'Leo Varadkar said water meters were Fine Gael's “e-voting machines multiplied by 10”' - Micheál Martin
Published 10/05/2016 | 10:43
Micheál Martin has claimed that Leo Varadkar said the water meters were Fine Gael's “e-voting machines multiplied by 10”.
The Fianna Fail leader made the comments during an interview on RTE Radio 1's Sean O'Rourke this morning.
He said that Varadkar made the declaration during Government formation talks.
"The problem as I see it is that the [Irish Water] model was too excessive on families," Martin said earlier on the radio show.
However, Martin maintained that households who have not yet paid their water bills "should be pursued".
"People who haven't paid should pay, and people who haven't should be pursued."
"Any deputy in Dail should uphold parliamentary law.
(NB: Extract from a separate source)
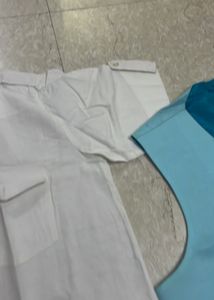 Sky Blue Vest With Kurta N Bottom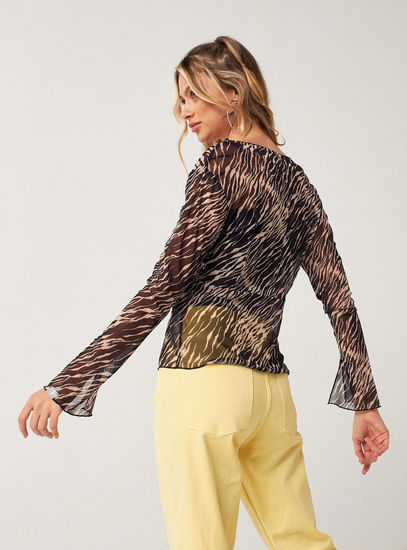 Animal Print Top with Tie-Up Detail and Long Flared Sleeves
You might not like the law, but you still have to adhere to it."
Responding to Mr Martin's comments about him, Leo Varadkar said the Fianna Fáil leader "may not have the full picture" on Government talks.
“Micheál Martin was not present for any of the talks so he may not have a full picture of the discussions.”
“The point I was making was that €500 million worth of public money has been spent putting water meters into the ground. Metering is the most effective way to identify leaks and promote conservation by allowing people to monitor how much water they use. I think it would be a real waste if they weren't used.'
Meanwhile, Martin said that he believed the public will give the new Government "a fair wind".
"Rather than whining about it we need to get down to action."
He said that the Government now "has a prospect of sustaining and tackling the bigger issues of housing and health" now that the "issue of Irish Water has been dealt with".
"Health and housing are among the defining issues facing the next Dail," said Martin.
"We will work to reduce waiting list times... waiting lists are unacceptable.
"I'm all for increasing the qualification threshold and management expertise that is made available to primary care and community care.
"Chronic illnesses like asthma and diabetes are going to be the main issues."
Mr Martin said that he is not approaching minority government with a view to “pulling the plug”.
But he warned that Fianna Fáil have a deal on issues such as health, education and public services.
“If there’s a breach of those agreements on a consistent basis it would trigger a review of the situation,” he said.
The Cork TD said the government would have to accept that it may lose Dáil votes on issues that will not bring down the arrangement.
“It’s worth going with this. The people have voted. We can go back and seek a mandate within weeks, I don’t think people want that. We have to play with the cards we’ve been dealt,” he said.
Asked about his plans for a frontbench reshuffle, Mr Martin said he was working on it this week and will appoint a new team shortly.
However, he said he has no intention of appointed deputy leader.